The new president eliminated thousands of government jobs by just placing paychecks on government employees desks. There were thousand that collected a paycheck and didn’t even have offices.


Hehehe...I know it is not likely, but wouldn't;t it be wonderful for Argentina to get strong enough to revive the F-20 program and get a few squadrons of those aircraft?

View attachment 31296


Trying not to sound like a twenty year old, but that would be “freeking awesome”
 

Jeff Head

General
Registered Member
I have good Argentine friends to whom Macri is a disaster, so everything depends what Glasses you wear
Oh yes...that is always the case.

But time will determine whether he is or is not.

I know many progressive leftists to this day who believe Reagan was a disaster because of their rose colored glasses.

But as a young man, buying our first house under Carter, and then refinancing it, selling it, and getting the second under Reagan, not to mention having four kids while Reagan was in office...Reagan was a God-send to our nation.
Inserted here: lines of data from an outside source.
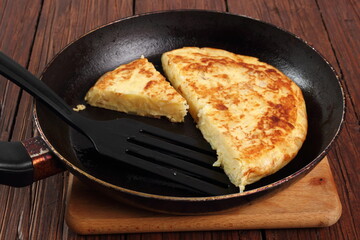 Cooking Spanish omelette in frying pan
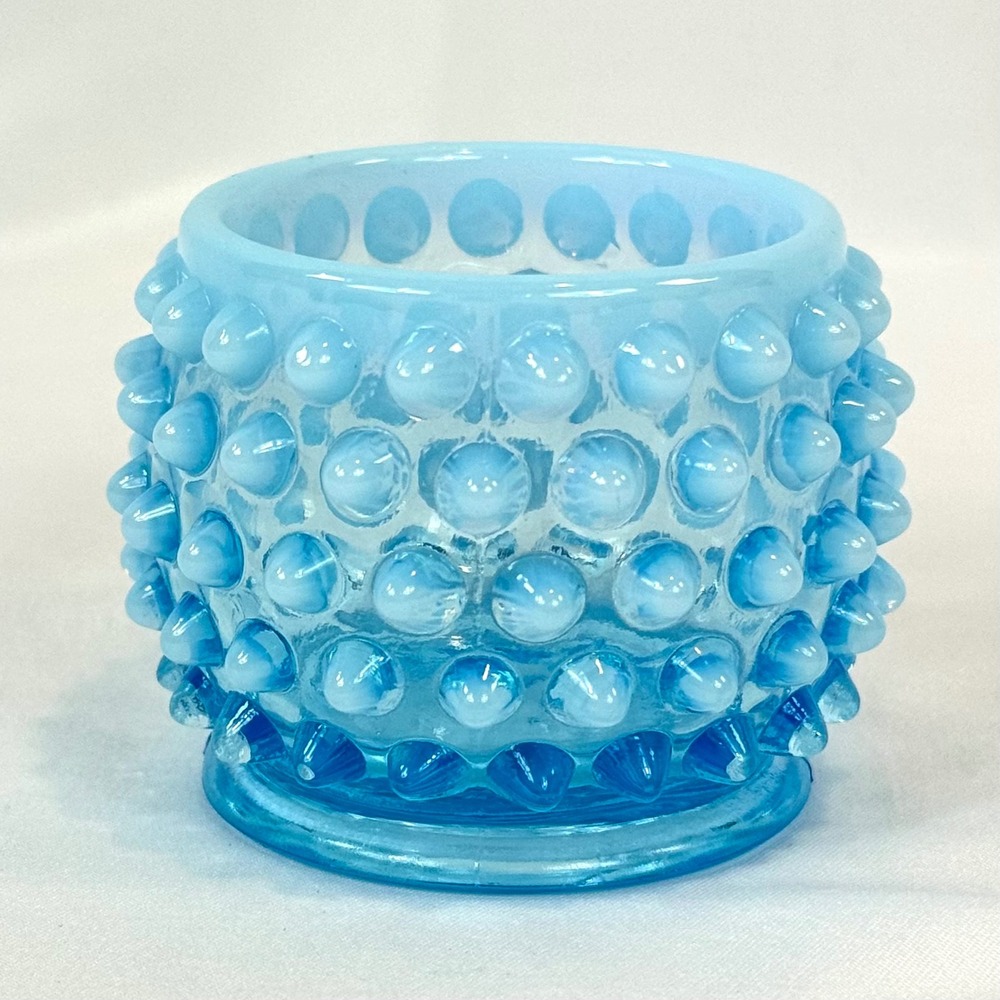 Vintage Fenton Blue Opalescent Hobnail Toothpick Holder Glass 2 Inch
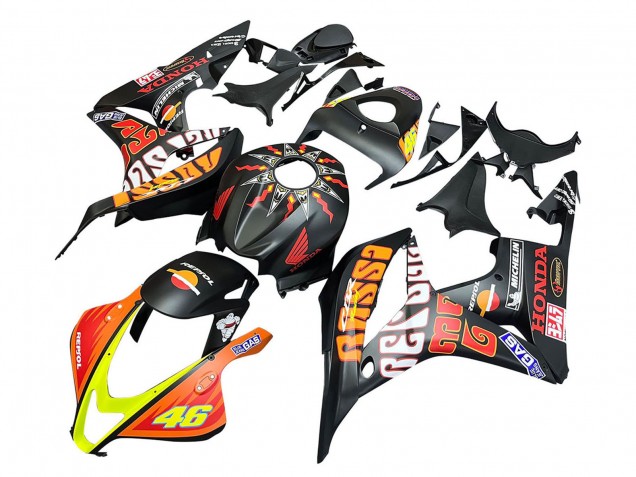 Carenados Moto Honda CBR600RR 2007-2008 - Negro Mate Naranja Rojo Rossi Repsol 46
Economically, internationally, jobs wise, .etc., etc.

My point was that the Argentine people made the decision...and they did.

Whether it will turn out to be anything like as a good a decision as Reagan, only time will tell. He simply has not been in long enough to tell whether his policies are going to have that good an impact.

But I simply find it hard to believe that they could end up any worse than his predecessor.